===== Data to use =====
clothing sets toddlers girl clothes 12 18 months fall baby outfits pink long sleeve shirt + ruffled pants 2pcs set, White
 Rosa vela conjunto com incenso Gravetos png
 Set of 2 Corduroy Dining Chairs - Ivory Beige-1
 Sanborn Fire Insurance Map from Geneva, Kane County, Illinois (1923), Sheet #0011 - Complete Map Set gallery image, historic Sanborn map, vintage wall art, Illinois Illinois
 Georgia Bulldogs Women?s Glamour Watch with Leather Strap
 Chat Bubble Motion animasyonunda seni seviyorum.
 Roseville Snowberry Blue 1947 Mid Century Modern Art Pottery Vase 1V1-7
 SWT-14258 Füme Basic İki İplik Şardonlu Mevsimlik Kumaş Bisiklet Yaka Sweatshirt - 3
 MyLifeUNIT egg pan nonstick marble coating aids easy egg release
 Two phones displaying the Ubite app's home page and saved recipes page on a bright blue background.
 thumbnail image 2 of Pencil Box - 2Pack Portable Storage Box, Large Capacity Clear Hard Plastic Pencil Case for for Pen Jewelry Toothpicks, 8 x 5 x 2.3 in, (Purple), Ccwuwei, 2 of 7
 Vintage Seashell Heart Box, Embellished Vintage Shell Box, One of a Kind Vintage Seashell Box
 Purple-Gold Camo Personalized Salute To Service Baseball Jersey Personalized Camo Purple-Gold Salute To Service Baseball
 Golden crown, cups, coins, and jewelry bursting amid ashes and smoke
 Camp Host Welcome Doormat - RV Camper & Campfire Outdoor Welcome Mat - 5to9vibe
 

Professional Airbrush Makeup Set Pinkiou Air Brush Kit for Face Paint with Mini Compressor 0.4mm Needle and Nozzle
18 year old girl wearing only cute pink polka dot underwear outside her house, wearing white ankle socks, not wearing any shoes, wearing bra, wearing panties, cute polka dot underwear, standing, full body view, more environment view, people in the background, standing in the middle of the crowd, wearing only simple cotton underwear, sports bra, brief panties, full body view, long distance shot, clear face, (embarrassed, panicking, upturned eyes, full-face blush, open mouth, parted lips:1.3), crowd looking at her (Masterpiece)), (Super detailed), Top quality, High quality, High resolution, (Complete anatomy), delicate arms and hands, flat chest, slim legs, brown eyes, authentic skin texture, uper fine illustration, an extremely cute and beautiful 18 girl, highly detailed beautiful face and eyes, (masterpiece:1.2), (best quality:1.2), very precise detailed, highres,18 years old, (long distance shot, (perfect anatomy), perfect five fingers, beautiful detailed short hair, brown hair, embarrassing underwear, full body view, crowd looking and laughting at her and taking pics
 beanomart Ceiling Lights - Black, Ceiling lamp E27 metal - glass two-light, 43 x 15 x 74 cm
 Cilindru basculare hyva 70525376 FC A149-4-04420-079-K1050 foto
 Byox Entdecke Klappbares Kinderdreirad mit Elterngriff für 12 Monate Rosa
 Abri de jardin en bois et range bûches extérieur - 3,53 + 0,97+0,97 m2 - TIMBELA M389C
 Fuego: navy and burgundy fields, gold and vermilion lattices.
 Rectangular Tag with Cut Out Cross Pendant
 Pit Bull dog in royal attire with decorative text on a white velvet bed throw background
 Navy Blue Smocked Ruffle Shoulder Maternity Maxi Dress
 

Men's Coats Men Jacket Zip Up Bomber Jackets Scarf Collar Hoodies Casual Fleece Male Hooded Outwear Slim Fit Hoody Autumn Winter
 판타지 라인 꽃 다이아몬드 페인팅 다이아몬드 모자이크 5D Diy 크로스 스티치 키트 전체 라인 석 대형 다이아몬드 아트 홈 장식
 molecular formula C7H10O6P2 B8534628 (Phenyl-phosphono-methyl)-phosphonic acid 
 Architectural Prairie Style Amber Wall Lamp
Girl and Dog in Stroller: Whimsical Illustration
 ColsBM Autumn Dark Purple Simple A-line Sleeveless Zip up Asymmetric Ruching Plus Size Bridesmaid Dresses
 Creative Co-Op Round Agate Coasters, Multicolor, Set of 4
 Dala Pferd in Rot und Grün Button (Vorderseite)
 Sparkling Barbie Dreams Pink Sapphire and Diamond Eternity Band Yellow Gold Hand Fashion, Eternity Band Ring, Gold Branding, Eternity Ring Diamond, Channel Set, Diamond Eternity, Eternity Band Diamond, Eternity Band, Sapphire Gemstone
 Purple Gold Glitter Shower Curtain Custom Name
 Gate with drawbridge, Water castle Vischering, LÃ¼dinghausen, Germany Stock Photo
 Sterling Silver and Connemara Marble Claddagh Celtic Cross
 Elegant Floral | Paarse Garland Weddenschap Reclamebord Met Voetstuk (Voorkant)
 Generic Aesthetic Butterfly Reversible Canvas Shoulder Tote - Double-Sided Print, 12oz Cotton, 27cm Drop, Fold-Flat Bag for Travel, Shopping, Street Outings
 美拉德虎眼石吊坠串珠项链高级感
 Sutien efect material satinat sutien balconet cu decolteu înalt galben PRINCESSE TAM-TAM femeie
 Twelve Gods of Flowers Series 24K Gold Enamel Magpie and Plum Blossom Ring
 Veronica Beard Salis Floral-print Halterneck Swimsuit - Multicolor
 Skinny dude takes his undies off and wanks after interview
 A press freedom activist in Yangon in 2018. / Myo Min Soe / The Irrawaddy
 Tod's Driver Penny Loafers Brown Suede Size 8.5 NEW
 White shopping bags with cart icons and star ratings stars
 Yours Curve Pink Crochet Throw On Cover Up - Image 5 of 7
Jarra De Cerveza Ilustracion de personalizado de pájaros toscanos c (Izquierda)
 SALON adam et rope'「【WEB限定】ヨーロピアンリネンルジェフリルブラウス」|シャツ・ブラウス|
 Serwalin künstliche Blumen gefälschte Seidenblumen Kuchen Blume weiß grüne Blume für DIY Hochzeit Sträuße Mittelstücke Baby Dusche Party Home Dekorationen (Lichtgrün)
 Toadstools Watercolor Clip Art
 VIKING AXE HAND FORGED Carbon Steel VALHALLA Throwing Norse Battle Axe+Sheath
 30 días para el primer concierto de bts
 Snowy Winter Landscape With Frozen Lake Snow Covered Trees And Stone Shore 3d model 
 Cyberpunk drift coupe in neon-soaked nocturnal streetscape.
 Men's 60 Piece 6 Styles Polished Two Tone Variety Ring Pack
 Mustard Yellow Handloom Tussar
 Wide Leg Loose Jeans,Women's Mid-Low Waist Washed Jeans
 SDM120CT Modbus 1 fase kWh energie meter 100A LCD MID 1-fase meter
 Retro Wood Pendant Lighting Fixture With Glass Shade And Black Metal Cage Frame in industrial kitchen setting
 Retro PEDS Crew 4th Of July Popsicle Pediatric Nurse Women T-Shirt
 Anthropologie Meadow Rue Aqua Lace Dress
=====
**Your instructions:** Restate the full data above, keeping each word intact.

**Response:**
clothing sets toddlers girl clothes 12 18 months fall baby outfits pink long sleeve shirt + ruffled pants 2pcs set, White
 Rosa vela conjunto com incenso Gravetos png
 Set of 2 Corduroy Dining Chairs - Ivory Beige-1
 Sanborn Fire Insurance Map from Geneva, Kane County, Illinois (1923), Sheet #0011 - Complete Map Set gallery image, historic Sanborn map, vintage wall art, Illinois Illinois
 Georgia Bulldogs Women?s Glamour Watch with Leather Strap
 Chat Bubble Motion animasyonunda seni seviyorum.
 Roseville Snowberry Blue 1947 Mid Century Modern Art Pottery Vase 1V1-7
 SWT-14258 Füme Basic İki İplik Şardonlu Mevsimlik Kumaş Bisiklet Yaka Sweatshirt - 3
 MyLifeUNIT egg pan nonstick marble coating aids easy egg release
 Two phones displaying the Ubite app's home page and saved recipes page on a bright blue background.
 thumbnail image 2 of Pencil Box - 2Pack Portable Storage Box, Large Capacity Clear Hard Plastic Pencil Case for for Pen Jewelry Toothpicks, 8 x 5 x 2.3 in, (Purple), Ccwuwei, 2 of 7
 Vintage Seashell Heart Box, Embellished Vintage Shell Box, One of a Kind Vintage Seashell Box
 Purple-Gold Camo Personalized Salute To Service Baseball Jersey Personalized Camo Purple-Gold Salute To Service Baseball
 Golden crown, cups, coins, and jewelry bursting amid ashes and smoke
 Camp Host Welcome Doormat - RV Camper & Campfire Outdoor Welcome Mat - 5to9vibe
 

Professional Airbrush Makeup Set Pinkiou Air Brush Kit for Face Paint with Mini Compressor 0.4mm Needle and Nozzle
18 year old girl wearing only cute pink polka dot underwear outside her house, wearing white ankle socks, not wearing any shoes, wearing bra, wearing panties, cute polka dot underwear, standing, full body view, more environment view, people in the background, standing in the middle of the crowd, wearing only simple cotton underwear, sports bra, brief panties, full body view, long distance shot, clear face, (embarrassed, panicking, upturned eyes, full-face blush, open mouth, parted lips:1.3), crowd looking at her (Masterpiece)), (Super detailed), Top quality, High quality, High resolution, (Complete anatomy), delicate arms and hands, flat chest, slim legs, brown eyes, authentic skin texture, uper fine illustration, an extremely cute and beautiful 18 girl, highly detailed beautiful face and eyes, (masterpiece:1.2), (best quality:1.2), very precise detailed, highres,18 years old, (long distance shot, (perfect anatomy), perfect five fingers, beautiful detailed short hair, brown hair, embarrassing underwear, full body view, crowd looking and laughting at her and taking pics
 beanomart Ceiling Lights - Black, Ceiling lamp E27 metal - glass two-light, 43 x 15 x 74 cm
 Cilindru basculare hyva 70525376 FC A149-4-04420-079-K1050 foto
 Byox Entdecke Klappbares Kinderdreirad mit Elterngriff für 12 Monate Rosa
 Abri de jardin en bois et range bûches extérieur - 3,53 + 0,97+0,97 m2 - TIMBELA M389C
 Fuego: navy and burgundy fields, gold and vermilion lattices.
 Rectangular Tag with Cut Out Cross Pendant
 Pit Bull dog in royal attire with decorative text on a white velvet bed throw background
 Navy Blue Smocked Ruffle Shoulder Maternity Maxi Dress
 

Men's Coats Men Jacket Zip Up Bomber Jackets Scarf Collar Hoodies Casual Fleece Male Hooded Outwear Slim Fit Hoody Autumn Winter
 판타지 라인 꽃 다이아몬드 페인팅 다이아몬드 모자이크 5D Diy 크로스 스티치 키트 전체 라인 석 대형 다이아몬드 아트 홈 장식
 molecular formula C7H10O6P2 B8534628 (Phenyl-phosphono-methyl)-phosphonic acid 
 Architectural Prairie Style Amber Wall Lamp
Girl and Dog in Stroller: Whimsical Illustration
 ColsBM Autumn Dark Purple Simple A-line Sleeveless Zip up Asymmetric Ruching Plus Size Bridesmaid Dresses
 Creative Co-Op Round Agate Coasters, Multicolor, Set of 4
 Dala Pferd in Rot und Grün Button (Vorderseite)
 Sparkling Barbie Dreams Pink Sapphire and Diamond Eternity Band Yellow Gold Hand Fashion, Eternity Band Ring, Gold Branding, Eternity Ring Diamond, Channel Set, Diamond Eternity, Eternity Band Diamond, Eternity Band, Sapphire Gemstone
 Purple Gold Glitter Shower Curtain Custom Name
 Gate with drawbridge, Water castle Vischering, LÃ¼dinghausen, Germany Stock Photo
 Sterling Silver and Connemara Marble Claddagh Celtic Cross
 Elegant Floral | Paarse Garland Weddenschap Reclamebord Met Voetstuk (Voorkant)
 Generic Aesthetic Butterfly Reversible Canvas Shoulder Tote - Double-Sided Print, 12oz Cotton, 27cm Drop, Fold-Flat Bag for Travel, Shopping, Street Outings
 美拉德虎眼石吊坠串珠项链高级感
 Sutien efect material satinat sutien balconet cu decolteu înalt galben PRINCESSE TAM-TAM femeie
 Twelve Gods of Flowers Series 24K Gold Enamel Magpie and Plum Blossom Ring
 Veronica Beard Salis Floral-print Halterneck Swimsuit - Multicolor
 Skinny dude takes his undies off and wanks after interview
 A press freedom activist in Yangon in 2018. / Myo Min Soe / The Irrawaddy
 Tod's Driver Penny Loafers Brown Suede Size 8.5 NEW
 White shopping bags with cart icons and star ratings stars
 Yours Curve Pink Crochet Throw On Cover Up - Image 5 of 7
Jarra De Cerveza Ilustracion de personalizado de pájaros toscanos c (Izquierda)
 SALON adam et rope'「【WEB限定】ヨーロピアンリネンルジェフリルブラウス」|シャツ・ブラウス|
 Serwalin künstliche Blumen gefälschte Seidenblumen Kuchen Blume weiß grüne Blume für DIY Hochzeit Sträuße Mittelstücke Baby Dusche Party Home Dekorationen (Lichtgrün)
 Toadstools Watercolor Clip Art
 VIKING AXE HAND FORGED Carbon Steel VALHALLA Throwing Norse Battle Axe+Sheath
 30 días para el primer concierto de bts
 Snowy Winter Landscape With Frozen Lake Snow Covered Trees And Stone Shore 3d model 
 Cyberpunk drift coupe in neon-soaked nocturnal streetscape.
 Men's 60 Piece 6 Styles Polished Two Tone Variety Ring Pack
 Mustard Yellow Handloom Tussar
 Wide Leg Loose Jeans,Women's Mid-Low Waist Washed Jeans
 SDM120CT Modbus 1 fase kWh energie meter 100A LCD MID 1-fase meter
 Retro Wood Pendant Lighting Fixture With Glass Shade And Black Metal Cage Frame in industrial kitchen setting
 Retro PEDS Crew 4th Of July Popsicle Pediatric Nurse Women T-Shirt
 Anthropologie Meadow Rue Aqua Lace Dress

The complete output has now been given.